~V~

17 4 0
                                    

- Czyli nasza rodzina, a przynajmniej część niej, jest wmieszna w dealerkę? - zapytała zaszokowana Rose.

Siedzieliśmy u niej na werandzie, pochyleni w swoją stronę jak do plotek, których nikt nie mógł usłyszeć, co z resztą nie było dalekie od prawdy.

- Tak, a to mogło mieć coś wspólnego z zaginięciem Daisy. Może dowiedziała się czegoś lub była coś dłużna?

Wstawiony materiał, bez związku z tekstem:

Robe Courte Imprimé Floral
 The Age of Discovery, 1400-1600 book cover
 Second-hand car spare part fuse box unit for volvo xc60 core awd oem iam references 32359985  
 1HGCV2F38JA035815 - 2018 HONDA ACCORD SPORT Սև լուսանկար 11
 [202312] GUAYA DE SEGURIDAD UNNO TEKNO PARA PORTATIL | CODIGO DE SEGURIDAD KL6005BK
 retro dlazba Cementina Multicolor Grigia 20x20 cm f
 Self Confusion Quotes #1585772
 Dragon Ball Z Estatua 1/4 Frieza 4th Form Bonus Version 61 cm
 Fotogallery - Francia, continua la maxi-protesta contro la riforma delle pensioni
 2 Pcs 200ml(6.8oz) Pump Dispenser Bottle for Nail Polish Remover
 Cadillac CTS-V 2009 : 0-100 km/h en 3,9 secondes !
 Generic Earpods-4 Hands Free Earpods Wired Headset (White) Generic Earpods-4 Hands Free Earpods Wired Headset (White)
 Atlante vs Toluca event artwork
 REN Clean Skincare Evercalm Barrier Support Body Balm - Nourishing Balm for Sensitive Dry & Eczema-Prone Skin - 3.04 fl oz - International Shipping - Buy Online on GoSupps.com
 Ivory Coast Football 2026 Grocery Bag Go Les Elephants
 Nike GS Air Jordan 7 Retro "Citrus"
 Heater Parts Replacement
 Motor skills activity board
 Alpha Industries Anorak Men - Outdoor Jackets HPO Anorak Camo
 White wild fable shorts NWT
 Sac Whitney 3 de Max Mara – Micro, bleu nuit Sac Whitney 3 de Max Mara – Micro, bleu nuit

- Myślę, że powinniśmy zacząć od dowiedzenia się jak związane ze sprawą są te nazwiska z tablicy. Tak poza tym, dalej nie mogę uwierzyć, że nie poczekałeś na mnie z oglądaniem jej.

Miałem się już tłumaczyć, ale przerwał mi głos chłopaka, który właśnie podbiegł do nas. Był to mój dobry kolega z klasy, Harry.

- Słyszeliście co się stało na komisariacie? - wykrzyknął równie podekscytowany co zadyszany.

Spojrzeliśmy po sobie spanikowani z kuzynką, a potem znowu na niego z chęcią zadania mu pytań, ale ten pobiegł już dalej. Uczyniliśmy podobnie.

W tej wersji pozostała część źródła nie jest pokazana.